Catalyst provides several tiers of storage to suit the varying needs of our customers. All data regardless of the storage tier is replicated on three different storage nodes on the same region.
The standard tier
combines SSDs with spinning drives to provide a good
balance between performance and cost. Writes are always done to SSDs first and
then flushed to HDDs later behind the scenes. Reads are likely to be cached by
the aggregate memory of all our storage nodes combined, but will hit a HDD when
the data is not cached.
Due to the performance overheads imposed by the use of spinning drives the IOPS
limits are limited to choices of 100, 250 or 500 IOPS. If a higher IO
throughput is required then you will need to take a look at the performance
tier
.
Data stored on the standard
storage tier is replicated on three
different storage nodes on the same region.
Storage type |
Replication domain |
Replicas |
Disk |
IOPS [1] |
---|---|---|---|---|
b1.standard |
Single region |
3 |
HDDs and SSDs |
500 |
b1.sr-r2-hdd-100 [2] |
Single region |
2 |
HDDs and SSDs |
100 |
b1.sr-r3-hdd-250 |
Single region |
3 |
HDDs and SSDs |
250 |
b1.sr-r3-hdd-500 |
Single region |
3 |
HDDs and SSDs |
500 |
[1] Please note that the IOPS described on the table above are not guaranteed or provisioned IOPS, but rather the burst limit (ceiling) that each volume can reach from time to time.
[2] The storage type b1.sr-r2-hdd-100 is not recommended for production use. It is designed for development, test and ephemeral workloads
The performance
tier makes sole use of direct NVMe SSD drive access for
both read and write operations. This tier offers three options for IO
throughput, which provide a burstable limit of 1000, 2500 and 5000 IOPS.
All options in this tier provide 3 replicas in a single region.
Storage type |
Replication domain |
Replicas |
Disk |
IOPS [1] |
---|---|---|---|---|
b1.sr-r3-nvme-1000 |
Single region |
3 |
NVMe |
1000 |
b1.sr-r3-nvme-2000 |
Single region |
3 |
NVMe |
2000 |
b1.sr-r3-nvme-5000 |
Single region |
3 |
NVMe |
5000 |
[1] Please note that the IOPS described on the table above are not guaranteed or provisioned IOPS, but rather the burst limit (ceiling) that each volume can reach from time to time.
If you are interested in moving data from a volume in the standard tier to an NVMe volume please checkout How to migrate between HDD and NVMe disks
If you want to launch an instance using an NVMe root volume check out Launching an instance from an NVMe volume for more information.

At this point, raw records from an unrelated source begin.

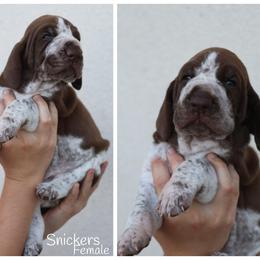 Snickers - White and chestnut female Bracco Italiano puppy in New Mexico from HighBrassGunDogs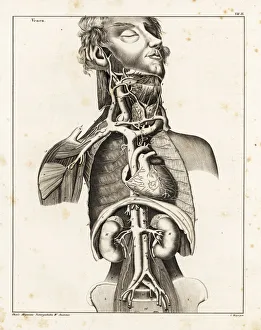 Anatomy of the human venal system in the upper torso Anatomy of the human venal system in the upper torso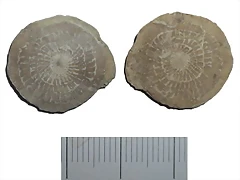 assilina_exponens assilina_exponens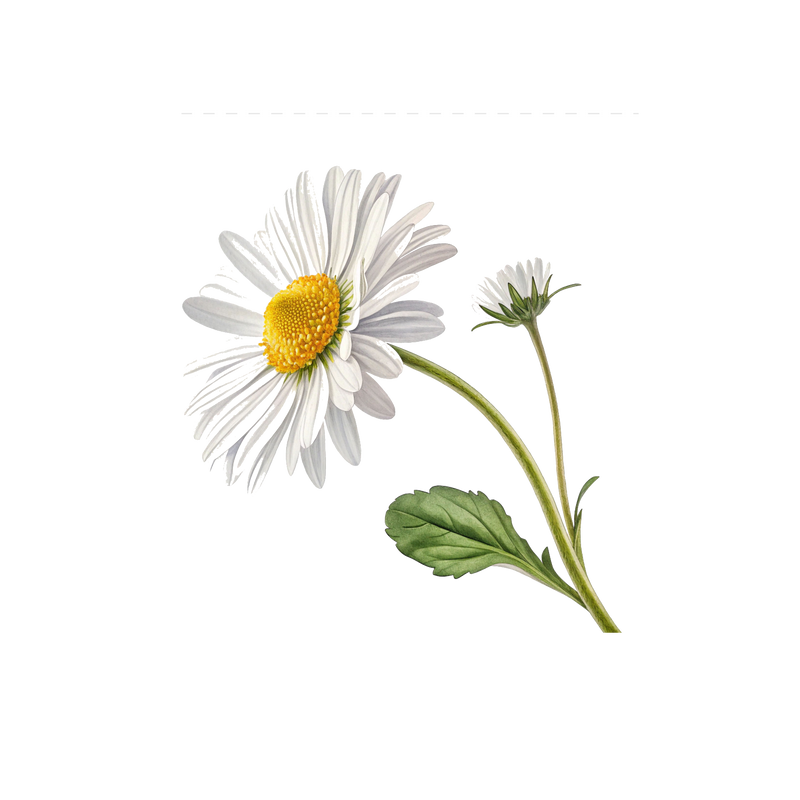 CHAMOMILE — botanical ingredient in Velora herbal sleep tea by Maison De Jarin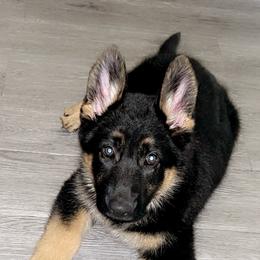 Pink female - Black and tan female German Shepherd puppy in Ann Arbor, Michigan from Von Der Havier German Shepherds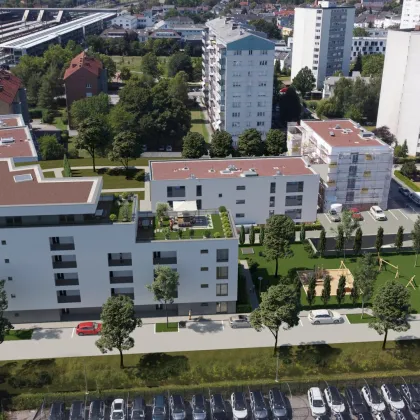 Neubau - Wohnung mit Balkon - Wels - Bild 3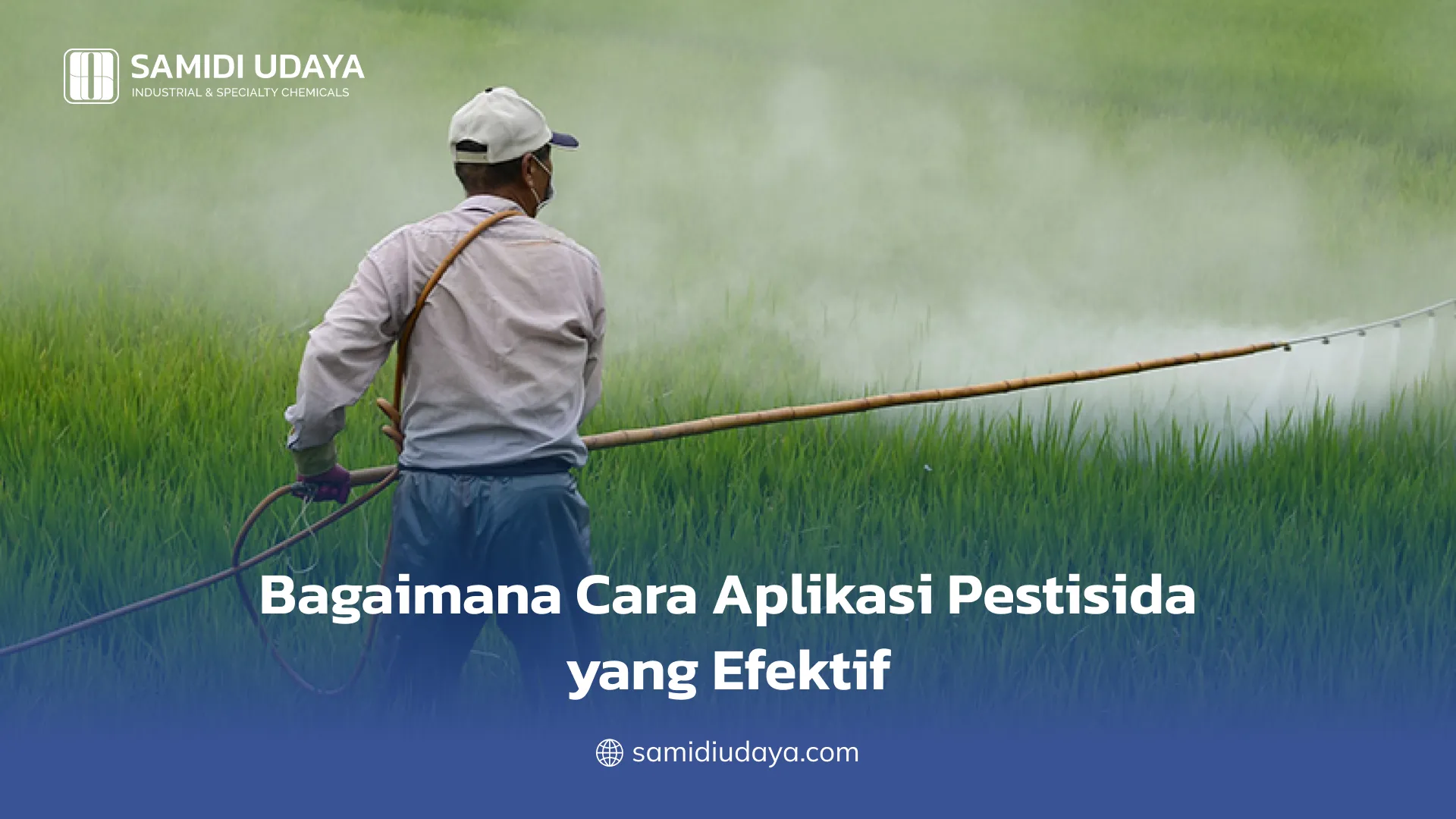 Bagaimana Cara Aplikasi Pestisida yang Efektif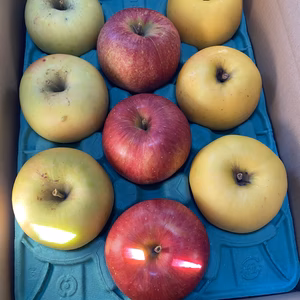 家庭用りんご3種詰め合わせ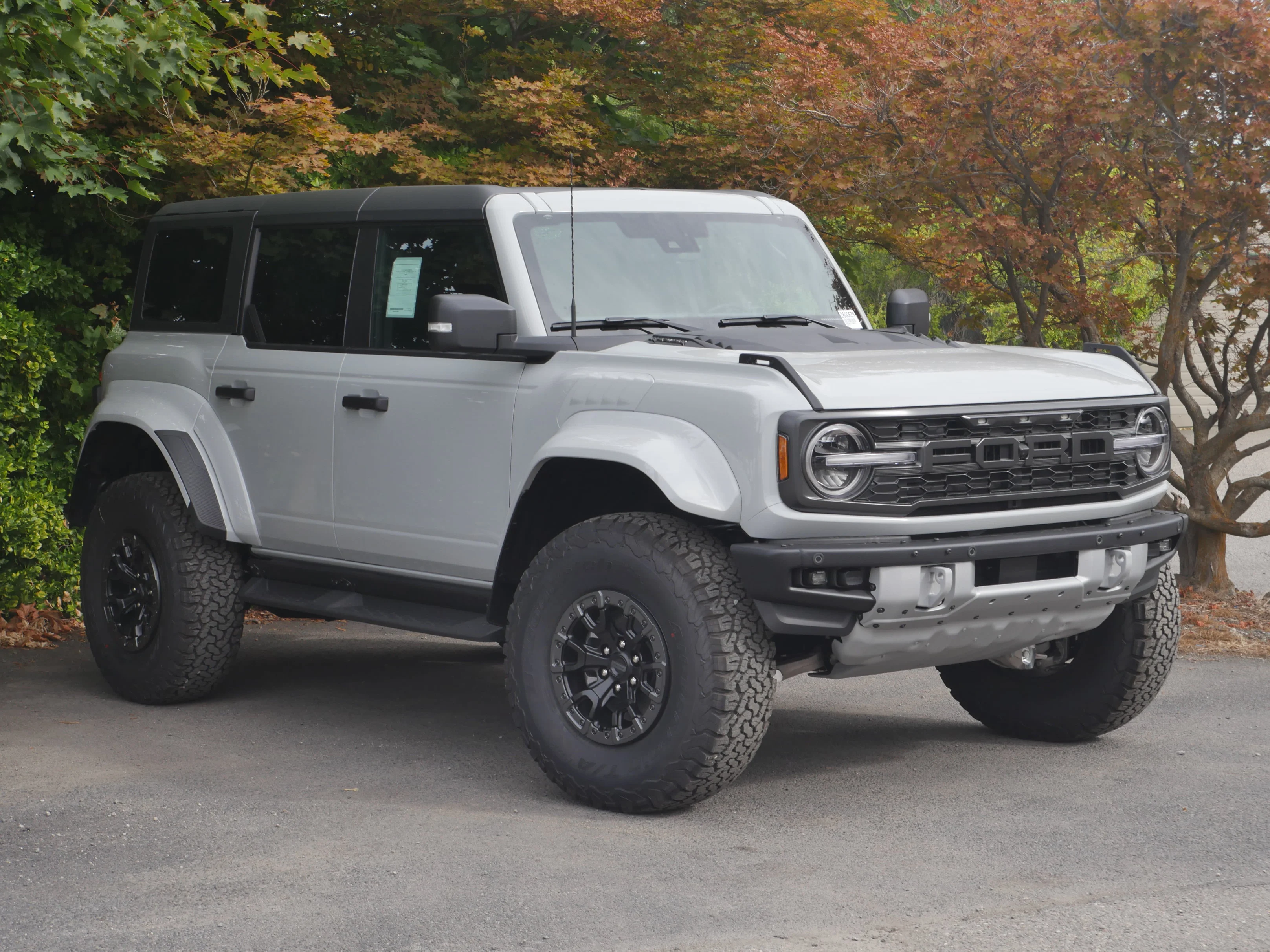 New 2026 Avalanche Gray Ford Raptor image 37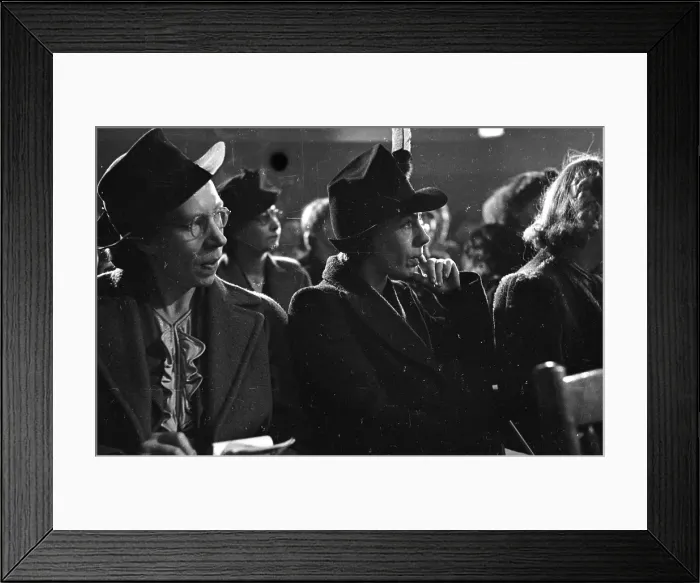 Framed Print : Listening Intently Framed Print : Listening Intently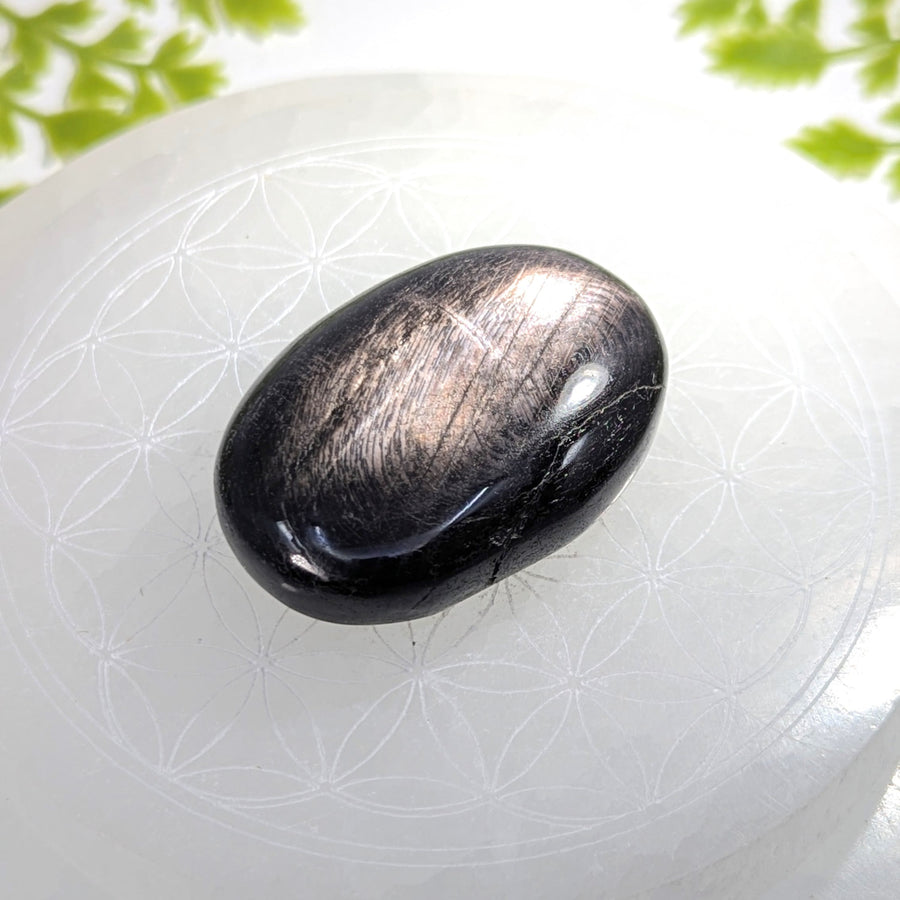 Hypersthene 2’’ palm stone #BC1223 with glossy black finish on etched white surface
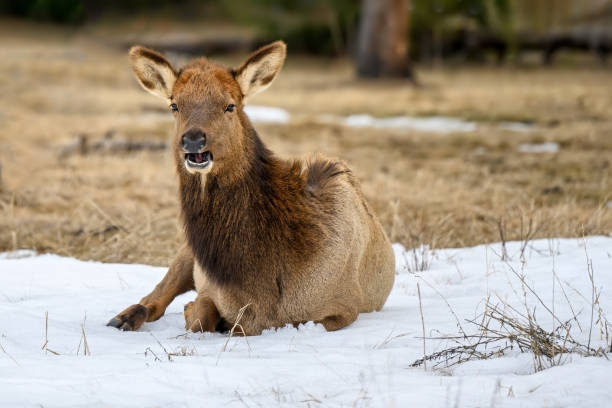 istock Wild Elk or also known as Wapiti (Cervus canadensis) in Jasper National Park, Alberta, Canada 1391462468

As a precaution, it is important to create backups that secure your data in the event of some catastrophe. Whether this is from a natural disaster, user error or some other unfortunate event, you want to ensure that the data you have is saved in a secure fashion. We highly recommended that you create backups of all of your volumes after you have created them. You can follow the guides found in the backups section of the documentation to create and automate your backup tasks.